__PROBLEM DETAILS__.
The required result is a line count: how many lines in this data hold the word "with". Give only that.

[Recorded data]
[Start of Attachment]

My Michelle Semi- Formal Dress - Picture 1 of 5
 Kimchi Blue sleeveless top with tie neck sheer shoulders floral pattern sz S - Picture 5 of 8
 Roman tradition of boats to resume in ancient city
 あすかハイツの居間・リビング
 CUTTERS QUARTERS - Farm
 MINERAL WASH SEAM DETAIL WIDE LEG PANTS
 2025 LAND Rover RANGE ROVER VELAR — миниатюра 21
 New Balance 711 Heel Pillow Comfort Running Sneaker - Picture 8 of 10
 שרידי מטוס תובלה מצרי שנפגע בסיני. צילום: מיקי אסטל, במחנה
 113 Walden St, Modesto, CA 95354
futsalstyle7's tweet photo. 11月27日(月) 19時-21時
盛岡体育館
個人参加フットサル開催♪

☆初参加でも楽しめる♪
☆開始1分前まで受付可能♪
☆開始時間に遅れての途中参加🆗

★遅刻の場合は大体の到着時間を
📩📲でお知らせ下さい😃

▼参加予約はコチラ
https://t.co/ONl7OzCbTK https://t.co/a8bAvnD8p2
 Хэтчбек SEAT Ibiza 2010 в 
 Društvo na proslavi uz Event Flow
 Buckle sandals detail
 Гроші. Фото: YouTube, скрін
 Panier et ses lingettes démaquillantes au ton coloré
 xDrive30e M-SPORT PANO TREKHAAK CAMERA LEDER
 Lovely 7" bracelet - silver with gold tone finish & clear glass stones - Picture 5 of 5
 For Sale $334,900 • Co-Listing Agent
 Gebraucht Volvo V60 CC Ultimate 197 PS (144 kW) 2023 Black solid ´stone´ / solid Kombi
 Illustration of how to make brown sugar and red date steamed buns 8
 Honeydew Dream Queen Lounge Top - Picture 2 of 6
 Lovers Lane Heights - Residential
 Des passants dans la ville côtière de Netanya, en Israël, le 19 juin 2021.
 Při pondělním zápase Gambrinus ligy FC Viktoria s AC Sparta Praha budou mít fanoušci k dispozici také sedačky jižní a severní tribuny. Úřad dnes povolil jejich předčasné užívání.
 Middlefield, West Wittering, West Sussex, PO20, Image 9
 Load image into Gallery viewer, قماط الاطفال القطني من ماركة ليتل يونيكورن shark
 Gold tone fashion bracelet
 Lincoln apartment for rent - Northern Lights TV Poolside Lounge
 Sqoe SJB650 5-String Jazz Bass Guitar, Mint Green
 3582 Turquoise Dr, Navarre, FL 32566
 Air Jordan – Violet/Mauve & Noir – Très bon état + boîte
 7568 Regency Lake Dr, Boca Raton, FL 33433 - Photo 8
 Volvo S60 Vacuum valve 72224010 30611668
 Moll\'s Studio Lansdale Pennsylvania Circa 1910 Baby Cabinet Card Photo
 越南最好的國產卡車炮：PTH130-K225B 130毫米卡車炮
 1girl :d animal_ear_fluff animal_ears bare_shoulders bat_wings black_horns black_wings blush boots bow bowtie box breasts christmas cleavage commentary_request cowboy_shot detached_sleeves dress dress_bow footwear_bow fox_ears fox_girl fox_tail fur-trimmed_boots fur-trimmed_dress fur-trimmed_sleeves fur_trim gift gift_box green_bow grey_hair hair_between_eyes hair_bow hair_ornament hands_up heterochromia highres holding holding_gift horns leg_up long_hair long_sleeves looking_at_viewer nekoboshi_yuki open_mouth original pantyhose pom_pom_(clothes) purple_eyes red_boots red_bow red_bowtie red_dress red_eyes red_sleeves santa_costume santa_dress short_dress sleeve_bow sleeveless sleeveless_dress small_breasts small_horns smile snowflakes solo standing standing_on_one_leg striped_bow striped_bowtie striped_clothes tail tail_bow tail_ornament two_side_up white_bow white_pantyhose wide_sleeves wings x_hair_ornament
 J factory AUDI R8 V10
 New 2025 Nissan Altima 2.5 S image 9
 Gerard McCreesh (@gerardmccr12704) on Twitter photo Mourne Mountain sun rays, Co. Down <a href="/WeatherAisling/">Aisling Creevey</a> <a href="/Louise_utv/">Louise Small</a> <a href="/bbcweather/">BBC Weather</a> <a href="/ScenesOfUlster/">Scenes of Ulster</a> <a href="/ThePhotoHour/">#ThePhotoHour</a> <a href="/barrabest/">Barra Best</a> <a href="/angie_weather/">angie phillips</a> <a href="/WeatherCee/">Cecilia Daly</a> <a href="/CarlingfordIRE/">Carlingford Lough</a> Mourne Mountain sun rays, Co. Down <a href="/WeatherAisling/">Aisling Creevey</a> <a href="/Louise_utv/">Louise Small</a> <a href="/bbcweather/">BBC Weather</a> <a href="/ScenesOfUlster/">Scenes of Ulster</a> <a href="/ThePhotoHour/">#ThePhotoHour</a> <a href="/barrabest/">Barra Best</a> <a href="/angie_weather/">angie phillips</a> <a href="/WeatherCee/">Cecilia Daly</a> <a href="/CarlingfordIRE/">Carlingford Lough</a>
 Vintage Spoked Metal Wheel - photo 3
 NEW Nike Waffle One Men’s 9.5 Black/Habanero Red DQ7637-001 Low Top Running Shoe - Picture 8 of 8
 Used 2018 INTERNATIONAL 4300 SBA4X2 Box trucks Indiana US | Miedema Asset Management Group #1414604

[End of Attachment]

__EXERCISE RESULT__.
2